И лишь век спустя, когда Лесков отодвинулся в «даль классики», а социальный пласт, им описанный, сполз в историческое небытие, — достало у нас сил на запоздалую операцию: принять Катерину Измайлову по образу и подобию Катерины Кабановой. Век спустя это легче… и Островский, конечно, сильно помогает нам, когда мы всматриваемся в бликующее зеркало лесковской прозы, стараясь удержать взгляд на ближних, объяснимых, успокоительно привычных контурах. Сокрытая за ними бездна на столетней дистанции кажется не столь фатальной, хотя, я уверен, что именно она, эта бездна, эта тайна, в сущности, и притягивает наш взгляд.
Глава 3
Скитанья «СОБОРЯН»
Судьбы лесковских книг почти всегда несчастливы, но даже на этом фоне, история «Соборян» выглядит мучительной. Текст, которому в будущем суждено всемирное признание, лучший из лесковских романов, немерянная глубина которого открывается чуть не через столетие, — при появлении своем умирает дважды. Дважды разваливается начатое строение, и дважды автор восстанавливает его из разлетевшихся обломков, начиная чуть не с нуля, заново сводя общий план. Полдюжины журналов, прикосновенных к этой истории, вольно или невольно, так или эдак участвуют в сокрушении текста; три журнала начинают его печатать и все три корежат; дважды дело пресекается на полдороге, и только с третьей попытки Лесков кое-как доводит его до конца. Не фантастика ли это? Поневоле задумываешься о стечении обстоятельств, о «невезении», чуть не о фатальном жребии.

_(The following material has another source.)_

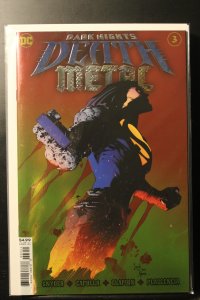 Dark Nights: Death Metal #3 Greg Capullo & Jonathan Glapion Foil Cover (2020)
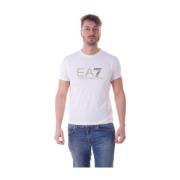 Sweatshirts Emporio Armani EA7 , White , Heren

Ах, думаешь, не умри скоропостижно Дудышкин… не прекратись на шестой книжке «Литературная библиотека»… И препятствия-то все какие-то внешние, необязательные: не фронт осмысленного сопротивления, как во времена романа «Некуда», — а сутолочь несовпадений, статистика частностей, чушь «случаев». И что уничтожается-то? «Соборяне»!